ミャンマー、ネット遮断1ヵ月 少数民族と国軍衝突の州

西日本新聞 国際面

 【バンコク川合秀紀】ミャンマーの一部の州で今年6月から、政府の指示によって携帯端末のインターネットサービスが停止されている。対象は自治権拡大を求める仏教徒の少数民族ラカイン族の武装組織と国軍が激しく衝突している地域で、人口は100万人以上とされる。ネットが停止されて21日で1カ月。政府による「情報遮断」に国内外の批判が強まっている。

 ミャンマーで通信サービスを展開するノルウェー企業テレノールによると、ミャンマーの運輸通信省から6月20日、「平和を妨げる混乱と違法行為を調整するため」として、西部ラカイン州の一部とチン州の一部の携帯ネットサービスを翌21日夜から停止するよう指示を受けた。

 同社は通話とショートメッセージを除き、会員制交流サイト(SNS)などのサービスを遮断。同社によると、他の通信会社も同様の指示を受けており、遮断は現在も続いているもようだ。政府はサービス再開の見通しを示していないという。

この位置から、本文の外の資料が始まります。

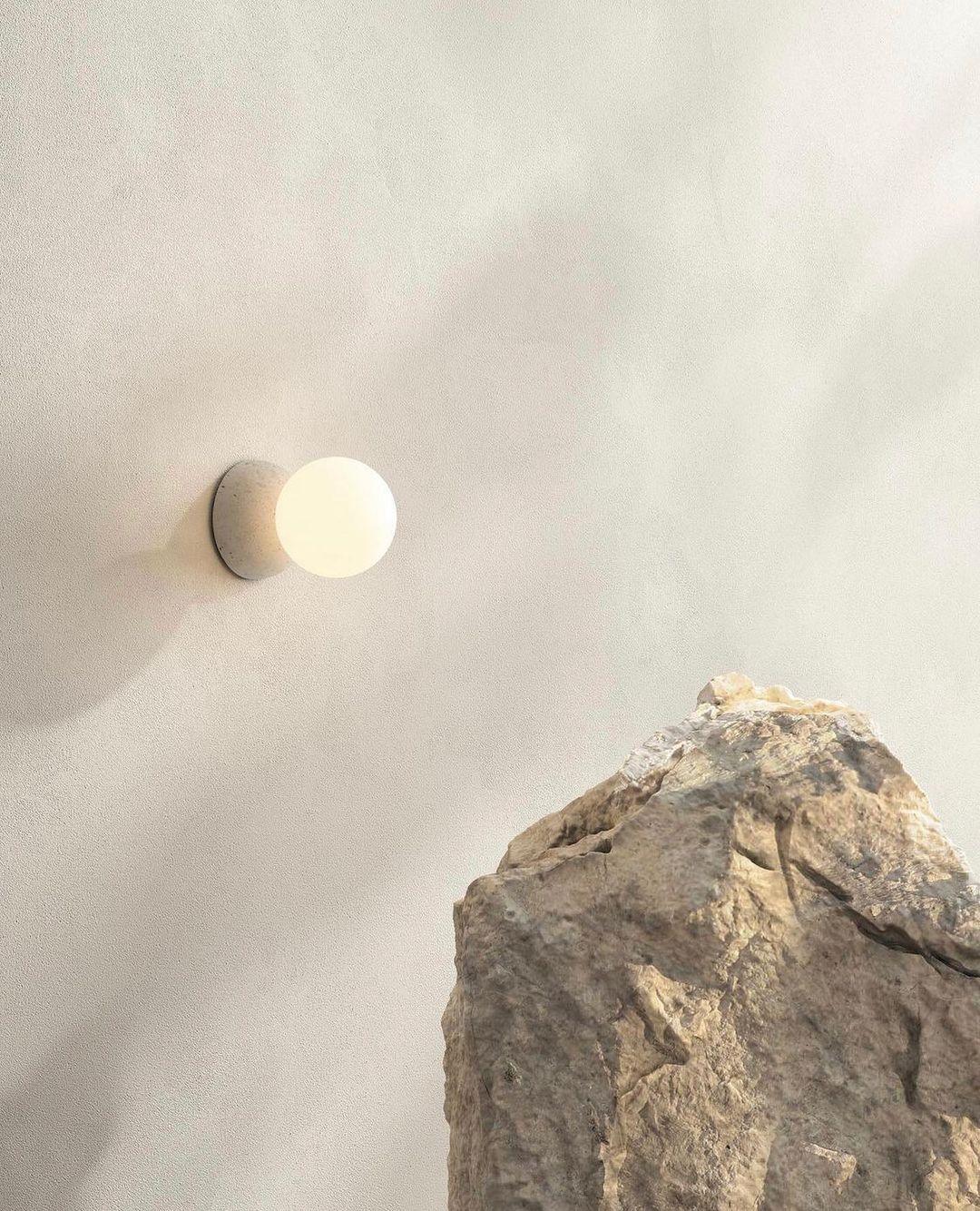 Lustra Wall Lamp Concrete Opal Glass-Neutral Decor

 ラカイン州では2017年、イスラム教少数民族ロヒンギャの武装組織と国軍が衝突し、約70万人が難民としてバングラデシュへ流出。今も帰還できていない。さらに今年に入ってラカイン族の武装組織と国軍の衝突も激化した。ネット遮断には「混乱する地域の情報を国内外に拡散させたくない政府側の狙い」(地元紙記者)がうかがえる。

 一方、国軍はネット遮断への関与を否定しているが、ミャンマーの人権状況を調査する国連特別報告者の李亮喜(イヤンヒ)氏は欧米メディアのインタビューなどで「ネット遮断の裏側で国軍が市民の人権を侵害している恐れがある」と憂慮を示した。ロイター通信によると、米国務省も「深い懸念」を表明し、ミャンマー政府に早期再開を求めている。

 英字メディアのフロンティア・ミャンマーは「ネットを使った送金や取引、情報発信ができず、市民や非営利団体などの活動に支障が出ている」と指摘。ラカイン族の民族政党所属の国会議員も「政府に対する市民の信頼にも悪影響が及ぶ」と批判している。

 ▼ラカイン州の情勢 ラカイン州はミャンマーで最も貧しい地域の一つ。仏教徒の少数民族ラカイン族が2009年、自治権拡大や格差是正を求めて武装組織「アラカン軍」を設立し、国軍と衝突を繰り返している。国軍はほかの州の少数民族武装勢力とは停戦交渉を進めているが、アラカン軍は除外。今年1月にアラカン軍が警察署を襲撃するなどして衝突が激化している。国軍は州内のイスラム教少数民族ロヒンギャの武装勢力とも依然、戦闘状態にあるとしている。